**WHAT YOU HAVE TO DO:** Transcribe all the data below exactly, leaving its pictures out.

**SOURCE DATA:**
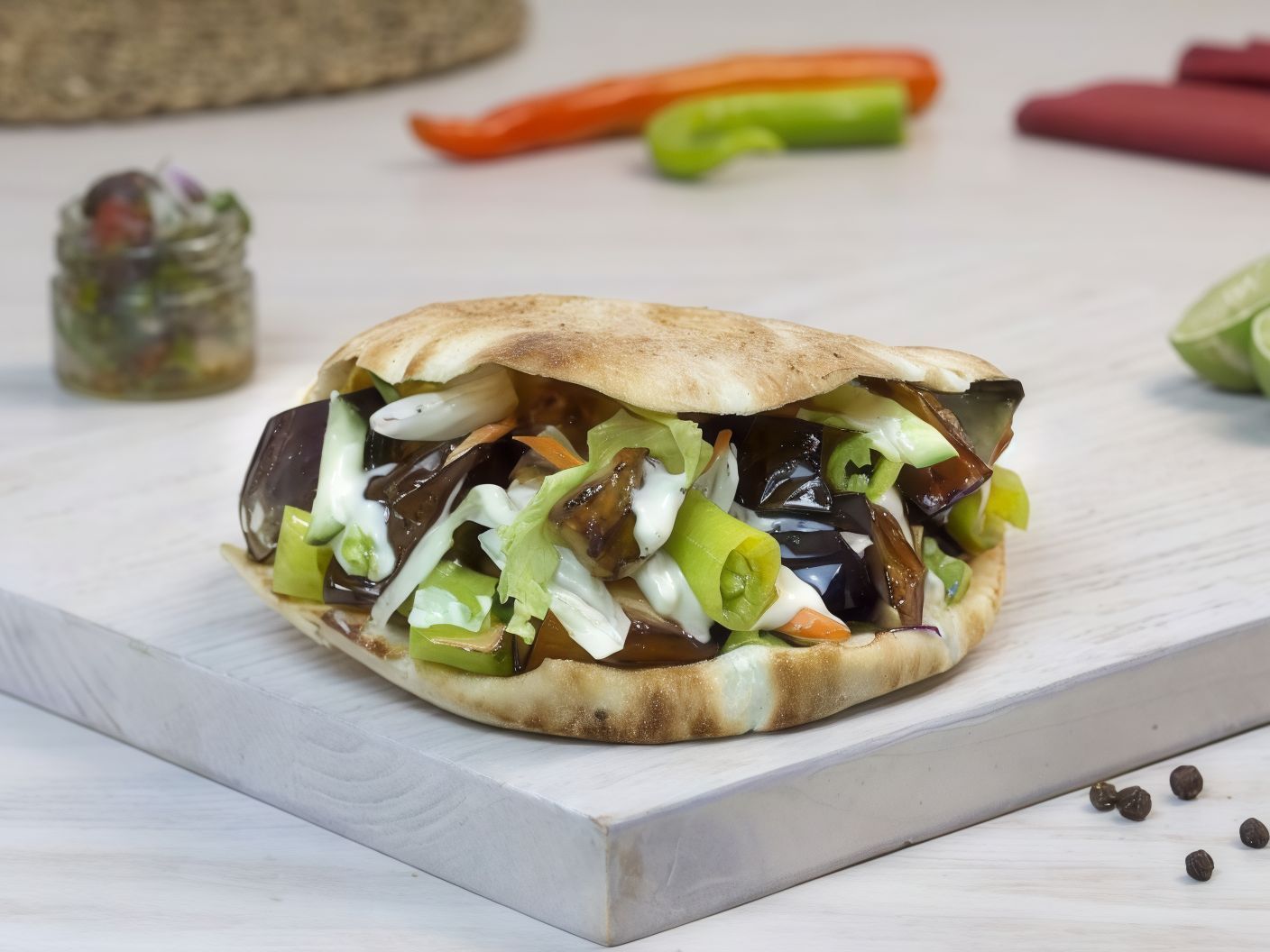 Eggplant sandwich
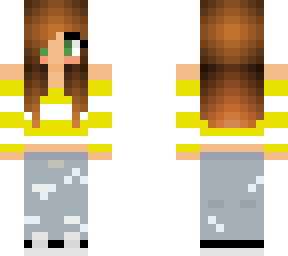 With White Hair Minecraft Skins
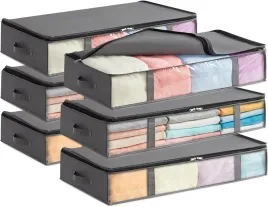 6-szt-organizer-pudelko-na-ubrania-posciel-szary-pod-lozko-do-szafy-75l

**SOLUTION TO THIS PROBLEM:**
 Eggplant sandwich
 With White Hair Minecraft Skins
 6-szt-organizer-pudelko-na-ubrania-posciel-szary-pod-lozko-do-szafy-75l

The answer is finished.